Avec ses lunettes rondes et sa casquette vissée sur la tête, Jason Polan affiche le look d'un jeune homme ordinaire, comme il s'en trouve treize à la douzaine. En face du Musée d'art moderne (MoMA) de New York, où nous lui avions donné rendez-vous, il se fondait dans la foule anonyme. D'ailleurs, si vous croisez Jason au hasard d'une balade dans les rues de Manhattan, vous ne le remarquerez sans doute pas. Mais, lui vous aura peut-être repéré...

Si Jason Polan a l'air d'un gars bien ordinaire, le projet qu'il a entrepris est loin de l'être. L'illustrateur de 28 ans s'est fixé l'objectif... de dessiner tous les New-Yorkais. Petite donnée non négligeable: on en recense au bas mot 8 millions!

Un projet interactif

«J'ai toujours voulu monter un projet en interaction avec le public», explique l'artiste originaire du Michigan. «J'ai déménagé à New York il y a sept ans parce que c'est l'endroit rêvé pour ça. Les New-Yorkais adorent les idées nouvelles, sont excités par les projets novateurs.» C'est ainsi qu'en mars 2008 est né son ambitieux «Every Person in New York».

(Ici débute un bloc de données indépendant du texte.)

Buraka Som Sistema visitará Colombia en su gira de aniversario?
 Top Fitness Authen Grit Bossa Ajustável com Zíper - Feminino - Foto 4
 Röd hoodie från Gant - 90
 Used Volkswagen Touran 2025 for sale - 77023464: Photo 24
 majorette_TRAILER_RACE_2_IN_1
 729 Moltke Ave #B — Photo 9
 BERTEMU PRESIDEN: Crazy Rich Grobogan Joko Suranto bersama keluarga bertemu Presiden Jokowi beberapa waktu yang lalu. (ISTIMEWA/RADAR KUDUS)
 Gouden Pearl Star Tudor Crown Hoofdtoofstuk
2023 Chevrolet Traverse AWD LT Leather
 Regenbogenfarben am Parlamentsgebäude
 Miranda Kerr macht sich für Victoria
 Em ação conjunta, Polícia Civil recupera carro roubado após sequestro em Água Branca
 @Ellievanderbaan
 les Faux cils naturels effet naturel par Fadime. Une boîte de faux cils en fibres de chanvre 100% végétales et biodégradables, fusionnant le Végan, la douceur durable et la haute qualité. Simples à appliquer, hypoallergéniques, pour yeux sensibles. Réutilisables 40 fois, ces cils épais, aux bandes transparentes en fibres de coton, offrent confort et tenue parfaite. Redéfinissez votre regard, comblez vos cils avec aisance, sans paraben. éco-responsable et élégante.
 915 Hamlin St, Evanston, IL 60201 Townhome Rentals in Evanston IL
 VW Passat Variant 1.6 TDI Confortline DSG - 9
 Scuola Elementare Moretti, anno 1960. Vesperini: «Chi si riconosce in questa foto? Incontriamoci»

Chaque jour, entre deux contrats pour le New York Times et le magazine Esquire (dans lequel il illustre les pages Opinions), Jason attrape sa plume et son calepin et se précipite dans un endroit public. À la gare Centrale, au bureau de poste ou sur le coin d'une rue, il trace le portrait des New-Yorkais qui croisent son chemin.

«Parfois, quelqu'un va attirer mon attention en raison de sa coupe de cheveux, son manteau ou la façon dont il bouge... Mais la plupart du temps, je choisis mes modèles complètement au hasard, dit-il. Si une personne réalise que je la dessine et que cela l'indispose, je cesse immédiatement. Je ne veux agresser personne.»

En vitesse et au naturel

Il faut à Jason entre dix secondes et deux minutes pour faire un croquis. Jamais il ne demande à un passant de s'immobiliser pour lui faciliter la tâche. «Cela ne fait pas naturel», explique l'artiste en quête d'authenticité. «J'adore peindre les visiteurs dans un musée parce qu'ils se déplacent lentement et prêtent attention aux tableaux sur le mur... pas à moi. Généralement, ils ne me voient même pas!»

Jason peut parfois croquer deux personnes dans une journée; parfois des centaines. Une fois à la maison, il met ses dessins en ligne sur son blogue (everypersoninnewyork.blogspot.com). «Femme en train de jouer de l'accordéon dans le métro à la Place Rockefeller», «Homme attendant quelqu'un en face du MoMA. Il y a une rose dans son journal»... Leurs titres reflètent la quotidienneté de la vie new-yorkaise.

Cette entreprise inusitée a amené Jason Polan à faire voyager ses croquis ailleurs aux États-Unis. Une boutique de curiosités de San Fransisco exposera ses oeuvres au mois d'avril. Le marchand de jeans Levi's lui en a acheté plusieurs pour décorer les murs de ses magasins de Boston. Et depuis que le projet s'est ébruité sur le web, des étrangers planifiant un voyage dans la Grosse Pomme prennent rendez-vous avec lui pour qu'il trace leur portrait.

Le projet d'une vie

«Bien sûr, ce sera impossible de peindre tous les New-Yorkais», admet l'illustrateur. Combien en a-t-il dessiné jusqu'à maintenant? «Plus de 140 000, dégaine-t-il.C'est le projet d'une vie. Je vais le poursuivre tant et aussi longtemps que je vivrai, à moins, bien sûr, que j'aie à déménager dans une autre ville. Ma vision de l'art est assez simple. J'essaie de faire des choses que les gens apprécient.»

Une chose est sûre: «Every Person in New York» suscite la curiosité... et un brin d'admiration!